Av is the velocity vector of a. something like <0,0>.

force = mass*constant/distance^2
don't actually compute the distance by square rooting because you'll square it anyways in the end
if the position of A is <ax,ay> and the position of B is <bx,by>, then find the offset <bx-ax,by-ay>
then suppose the mass * constant = 8 and distance = 4, so force is 2

multiply the offset <bx-ax,by-ay> by 2 to get the force vector called Bf

force = mass*distance/time^2
divide by mass
acceleration = distance/time^2
multiply by time
velocity = distance/time

use the mass of A, the time is the length of your timestep

so Bf/mass*time = velocity

add the velocity vector to Av which is the velocity vector of object A

for every object you add their velocity vector to the velocity vector of A

then if you end up with the velocity vector <3,-2>, you move A right 3 units and down 2 units

[atomic7732]

I didn't get a chance to read the whole post yet, but I already have the force part down.

[vh]

ok thats nice

although i wanted to note that you were finding the distance with math.hypot which uses a square root. since you're going to square the distance afterwards, you should probably not bother with the square root operation which takes a bit of time.

[atomic7732]

Ok all the post explained to me was what I already knew about simulating the stuff... and then you throw vectors in the last 3 lines. How do you suggest I do the vectors as I can't figure out the inverse trig functions and how that would work, and you say it'd be slow?

[vh]

vector = [thing1,thing2]

[atomic7732]

I'm talking about you know, instead of using trig to get an angle and a magnitude (polar coordinates), how else you expect me to calculate where the thing is to move. Start from having the magnitude (distance calculated from acceleration and timestep).
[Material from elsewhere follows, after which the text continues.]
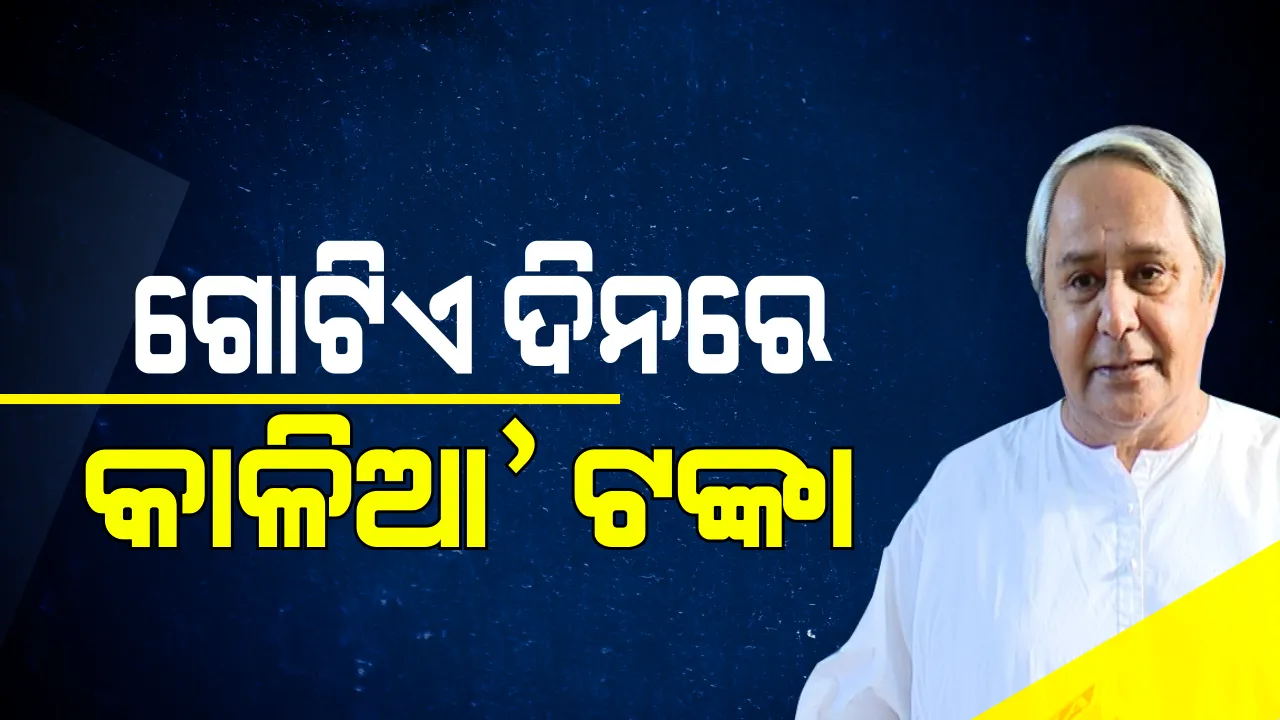  ନିର୍ବାଚନ ସଭାରେ ନବୀନଙ୍କ ବଡ଼ ଘୋଷଣା: କହିଲେ, ସରକାର ଗଠନର ପ୍ରଥମ ଦିନରେ ହିଁ ୨୫ ଲକ୍ଷ ଚାଷୀଙ୍କୁ  ମିଳିବ ୧୦ ହଜାର ଟଙ୍କା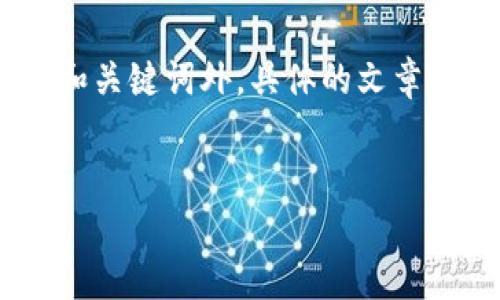 注意:由于字数要求较多,我将尽量提供一个大概框架和内容的概要,除了和关键词外,具体的文章内容会受到篇幅的限制。如果需要更详细或深入的特定部分内容,请指出。
框架:
数字货币封号:原因、影响及预防措施全面解析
Like... the part you skipped here:

for every object you add their velocity vector to the velocity vector of A

here

then if you end up with the velocity vector <3,-2>, you move A right 3 units and down 2 units

[vh]

ok i was mistaken you actually have to calculate the distance

there are objects x and y

object x is at position  with mass 6 and a velocity of 0,5
object y is at position 5,-3 with mass 7 and a velocity of -1,-2
the gravitational constant is 2

calculating the effect
the force is (6+7)*2/((5-2)^2+(3--3)^2) = 0.5777....

the movement of x:
relative to x, object y is at 3, -6 (5-2,-3-3)
the magnitude is sqrt(45) from sqrt(3^2+-6^2), however we want to make it 0.5777 because that is the force
0.577.../sqrt(45) * (3,-6) gives us (0.2583, -0.5168)

pretend the time step is 5 units of time
we multiply by 5 because the force is sustained for that long
(1.2915, -2.583)
then divide by the mass of object x since we are calculating the movement of object x
(0.2152,-0.4305)
by dividing by mass we've converted force to acceleration since
f = ma
f/m = a
now multiply by the lenght of the time step again
(1.076, 2.153)
acceleration = velocity/time (as in meters per second per second)
so (1.076, 2.153) is the velocity of motion that object y causes to object x

since there are no other objects which gravitationally pull x
(0,5) + (1.076, 2.153) = (1.076, 7.153) is the current velocity of object x

add velocity to position (2,3)
(3.076, 10.153)

repeat for y


disclaimer: i haven't taken physics so i have no idea what i'm talking about this all comes from one week of vectors in math

[atomic7732]

yeah I think I'll just figure out the trig...

[vh]

i have  dictionaries with the values of the dictionary keys being a list, and the keys are strings

i want to count how many objects i have in the lists combined

strategy 1:
sum = 0
for key in dict:
    sum += len(dict[key])
>gets result of around 120,000

strategy 2:
sum = 0
for key in dict:
    for object in dict[key]:
        sum += 1
>get a result of 76,000

wtf